Viruses do not respond to antibiotics. In fact, more and more research is showing that the overuse of antibiotics for viral infections is increasing bacterial resistance across the globe, meaning they will be less effective over time among populations. This is true on an individual level as well – the more antibiotics you take in your lifetime, the more likely it is you will develop resistant organisms that are very difficult to treat if you do someday develop a serious bacterial infection. Additionally, antibiotics kill both bad and good bacteria. We depend on good bacteria (part of our “biome”) to help our immune system stay balanced. Having good bacteria flourish in your gastrointestinal tract has been directly linked to a stronger immune system. So repeatedly disrupting it could make you more susceptible to illness moving forward.

Viruses are bad. They kill people. I often have patients say, “So you’re saying I just have a virus” when I counsel them that they don’t need antibiotics. Run of the mill cold viruses (rhinoviruses) may be “just a virus,” but there are many other viruses that cause much more severe illness. Influenza causes a high fever, dry cough, headache and body aches. Prevention, early supportive treatment, and sometimes oseltamivir (Tamiflu, an antiviral medication specific for Influenza) can be life saving. There are many other viruses that can cause more severe illness than a simple cold. Adenovirus can cause pink eye, ear infections, sinus infections and bronchitis that can last weeks. For these we really don’t have “antiviral” medications that are commonly used and accessible. So why do doctors still give antibiotics when they are seemingly not indicated? Two reasons – 1) It takes much longer to explain all of this than to prescribe an antibiotic and 2) they don’t want patients expecting a prescription to be disappointed.

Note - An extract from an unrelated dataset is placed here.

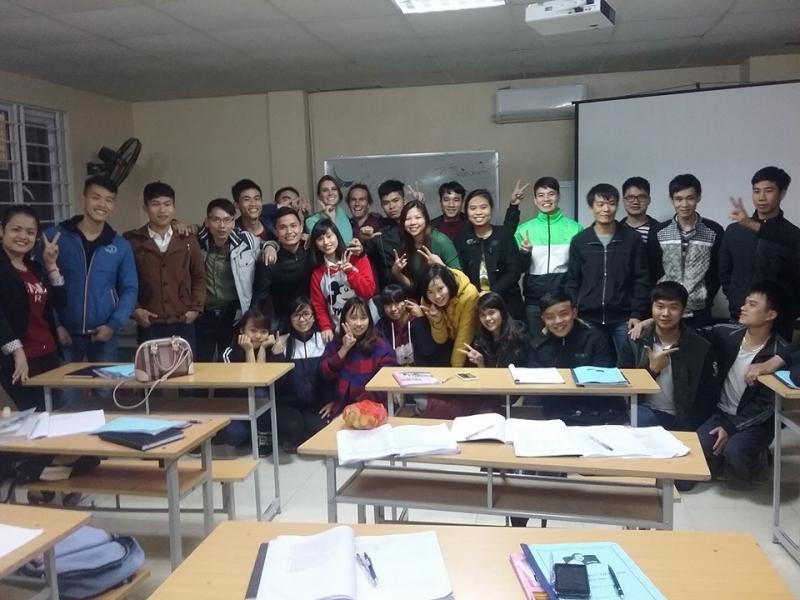 Lớp học của thầy Tiệp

So how do you know when you might have a bacterial respiratory infection? First, always seek medical attention if you are having any trouble breathing, as this could be pneumonia (a “lower” respiratory tract infection) or constriction of the airways such as asthma. Secondly, if you are having recurrent high fevers (over 101F), respiratory symptoms that aren’t improving over a two week period (such as sinus congestion or cough), ear pain (not just “fullness”), a bad sore throat with fever but WITHOUT significant cough (strep generally doesn’t cause a cough), or if you have a weakened immune system for any reason, you should be seen by a provider who can help determine whether antibiotics are indicated.

Finally, the most important thing really is prevention. Washing your hands well and frequently has to be the very most important thing we can all do to prevent spread of infections. If you haven’t just washed your hands, don’t touch your face. Think of all the times you rub your eyes, nose and mouth during the average day. Now think of all of the places those hands have been. Instead, use the back of your wrist. If you do get sick with a cough, cough in to your elbow, not your hand (or especially the air!). Avoid close contact with others as best as you can and drink lots of fluids. Your plants can keep you company. All of their fresh filtered air is just what the doctor ordered.